ExactDreamer: High-Fidelity Text-to-3D Content Creation via Exact Score Matching
Yumin Zhang, Xingyu Miao, Haoran Duan, Bo Wei, Tejal Shah, Yang Long, Rajiv Ranjan
TL;DR
This work tackles the fidelity gap in diffusion-based text-to-3D generation by addressing DDIM inversion bias. It introduces Exact Score Matching (ESM), which uses auxiliary variables and a LoRA-driven recovery path to achieve exact recovery in the DDIM reverse process, mitigating the accumulation of errors that cause over-smoothing and content loss.
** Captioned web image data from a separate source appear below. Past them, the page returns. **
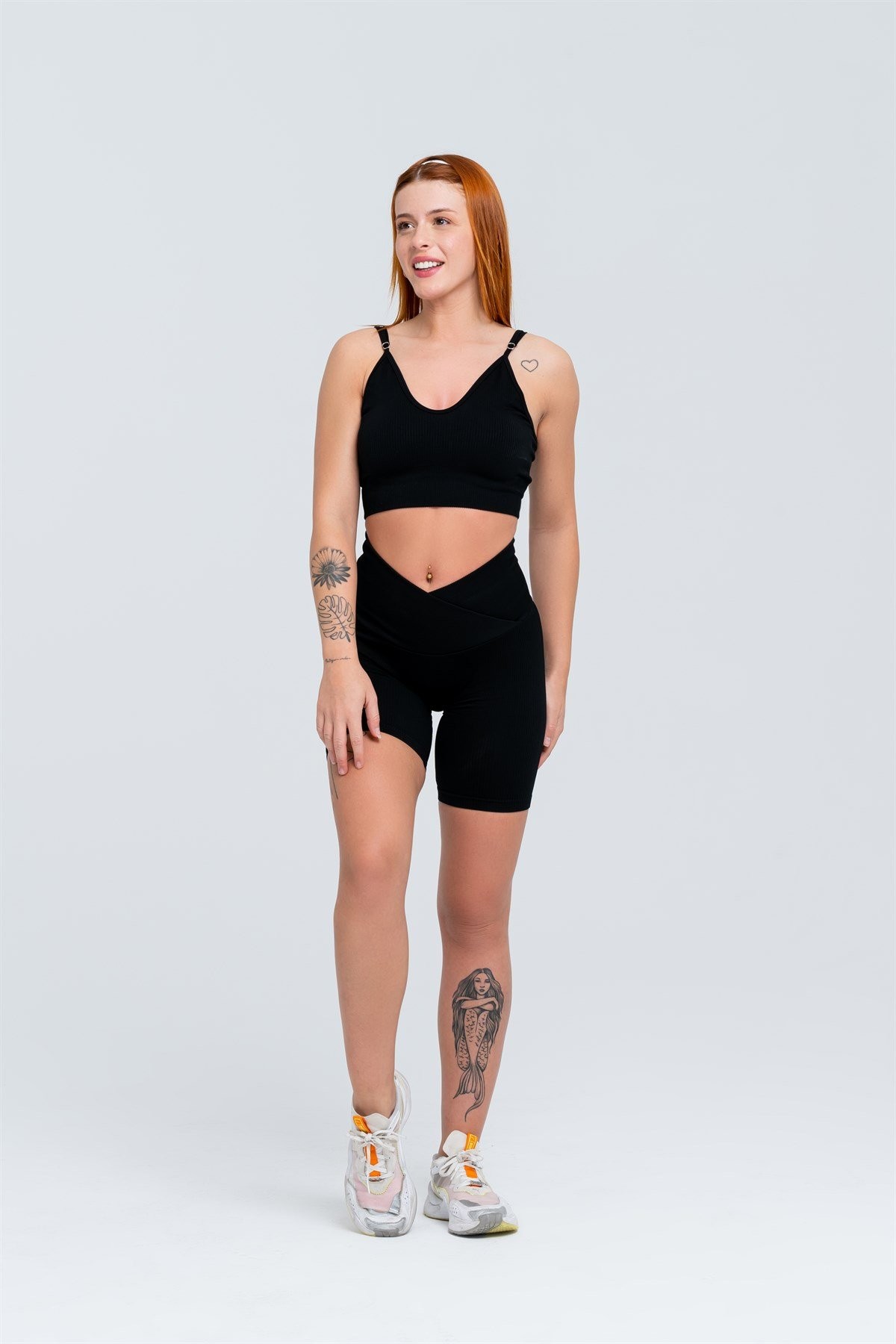Gymwolves Dikişsiz Spor Sütyeni | Siyah | Seamles Bras | Fitilli Model |
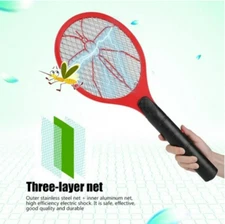 Three Layer Mesh Electric Bug Zapper Safety Mosquito Flies Racket Killer Swatter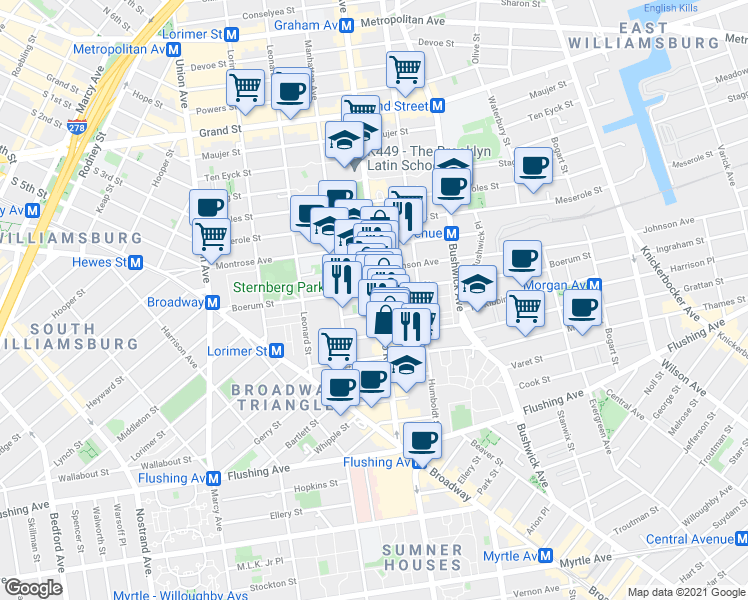 map of restaurants, bars, coffee shops, grocery stores, and more near in Brooklyn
Empirical results on Gaussian Splatting-based 3D representations demonstrate improved detail and prompt alignment over strong baselines, with careful analysis of hyperparameters and initialization effects. While showing practical gains on high-fidelity 3D content, the approach acknowledges potential instability and sensitivity to settings that warrant further refinement.
Abstract
Text-to-3D content creation is a rapidly evolving research area. Given the scarcity of 3D data, current approaches often adapt pre-trained 2D diffusion models for 3D synthesis. Among these approaches, Score Distillation Sampling (SDS) has been widely adopted. However, the issue of over-smoothing poses a significant limitation on the high-fidelity generation of 3D models. To address this challenge, LucidDreamer replaces the Denoising Diffusion Probabilistic Model (DDPM) in SDS with the Denoising Diffusion Implicit Model (DDIM) to construct Interval Score Matching (ISM). However, ISM inevitably inherits inconsistencies from DDIM, causing reconstruction errors during the DDIM inversion process. This results in poor performance in the detailed generation of 3D objects and loss of content. To alleviate these problems, we propose a novel method named Exact Score Matching (ESM). Specifically, ESM leverages auxiliary variables to mathematically guarantee exact recovery in the DDIM reverse process. Furthermore, to effectively capture the dynamic changes of the original and auxiliary variables, the LoRA of a pre-trained diffusion model implements these exact paths. Extensive experiments demonstrate the effectiveness of ESM in text-to-3D generation, particularly highlighting its superiority in detailed generation.